New skipper McCullum's 51 and Brownlie's unbeaten 69 _ after being dropped twice _ did put the top-ranked Proteas on the back foot for the first time in the Cape Town series opener and help take the test to a third day, which hadn't appeared likely after the Kiwis were 0-1 in the first over of their second innings and 29-2.
Robin Peterson made his bowling entrance in the test and ended the McCullum-Brownlie partnership in the late afternoon by removing McCullum lbw, and Jacques Kallis took 2-19 as South Africa had enough in reserve to retain control with a 302-run lead from the first innings.
Brownlie hit 12 fours for his 69 from just 89 balls in a rapid attack rather than the desperate and unsuccessful defense initially employed by New Zealand in its second knock. Despite his brave and flamboyant resistance, though, South Africa was favored to take the last six Kiwi wickets on Friday and wrap up the first test inside three days.

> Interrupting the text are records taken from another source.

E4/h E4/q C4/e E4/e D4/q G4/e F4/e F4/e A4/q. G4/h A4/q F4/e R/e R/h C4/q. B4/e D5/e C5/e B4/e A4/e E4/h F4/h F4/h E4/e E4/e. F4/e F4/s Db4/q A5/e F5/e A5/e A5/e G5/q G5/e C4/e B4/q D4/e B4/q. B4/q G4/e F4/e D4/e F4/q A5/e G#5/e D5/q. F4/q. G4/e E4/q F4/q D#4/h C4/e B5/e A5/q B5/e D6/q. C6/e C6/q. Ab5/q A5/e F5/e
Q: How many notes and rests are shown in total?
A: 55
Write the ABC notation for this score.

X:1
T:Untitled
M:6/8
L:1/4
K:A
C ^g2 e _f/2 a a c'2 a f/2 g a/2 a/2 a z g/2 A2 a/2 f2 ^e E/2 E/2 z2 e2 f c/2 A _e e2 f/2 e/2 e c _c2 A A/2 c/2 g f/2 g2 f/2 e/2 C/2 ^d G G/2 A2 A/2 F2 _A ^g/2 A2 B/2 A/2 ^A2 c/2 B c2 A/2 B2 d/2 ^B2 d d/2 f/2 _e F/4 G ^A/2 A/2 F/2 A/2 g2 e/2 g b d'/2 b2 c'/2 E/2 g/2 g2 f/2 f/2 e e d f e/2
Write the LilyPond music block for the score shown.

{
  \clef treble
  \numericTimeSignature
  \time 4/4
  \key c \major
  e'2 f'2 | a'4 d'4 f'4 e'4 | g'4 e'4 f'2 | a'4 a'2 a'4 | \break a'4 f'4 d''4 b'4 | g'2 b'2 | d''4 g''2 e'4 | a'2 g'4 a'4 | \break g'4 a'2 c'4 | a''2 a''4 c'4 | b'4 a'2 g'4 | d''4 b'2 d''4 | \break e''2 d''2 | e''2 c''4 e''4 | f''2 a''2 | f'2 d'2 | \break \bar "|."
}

Martin Guptill's departure in the first over to Dale Steyn left New Zealand initially staring down the barrel of another embarrassing batting performance after slumping to a chaotic 45 all out on the first morning.
McCullum and Kane Williamson responded with a grinding partnership of only 29 in nearly 17 overs. Kallis broke that in his second over when Williamson played away from his body to a wide one and lobbed a thick outside edge to Alviro Petersen at second slip.
McCullum's and Brownlie's stand delayed South Africa's march as they raced to their 50 partnership in only 45 balls.
South Africa captain Graeme Smith was forced to look beyond his three frontline quick bowlers for the first time in the test and the home team showed it had enough to spare as left-arm spinner Peterson claimed McCullum and Kallis removed Williamson (15) and Daniel Flynn (14) either side of that.
AB de Villiers' 67 for South Africa had earlier pushed them toward a 300-run lead and added to the century by Petersen and half-centuries by Hashim Amla and Jacques Kallis. Smith eventually declared soon after lunch after Robin Peterson was bowled for 5 in the fifth over of the afternoon.
The skipper's sudden call gave New Zealand's fragile batting order the best part of two sessions to survive and avoid an innings defeat inside two days in the series opener _ and only Brownlie and McCullum resisted with any success.
Brownlie won't be able to hold back South Africa's rested pacemen alone on Friday morning.
New Zealand's bowlers struck early on day two with a vastly improved effort from the first day.
The Black Caps briefly returned the match to a more normal _ if not yet even _ contest in the first session after South Africa was 252-3 overnight, removing Alviro Petersen for 106 in the day's second over, Faf du Plessis for 15 in the 10th and Dean Elgar (21) just before lunch to slow South Africa's runaway start.
De Villiers' 30th test half-century ensured South Africa built steadily on its one-sided dominance of day one, and an all-around bowling effort put the world's top team in sight of a victory that would aptly reflect its recent rich form and New Zealand's desperate struggles.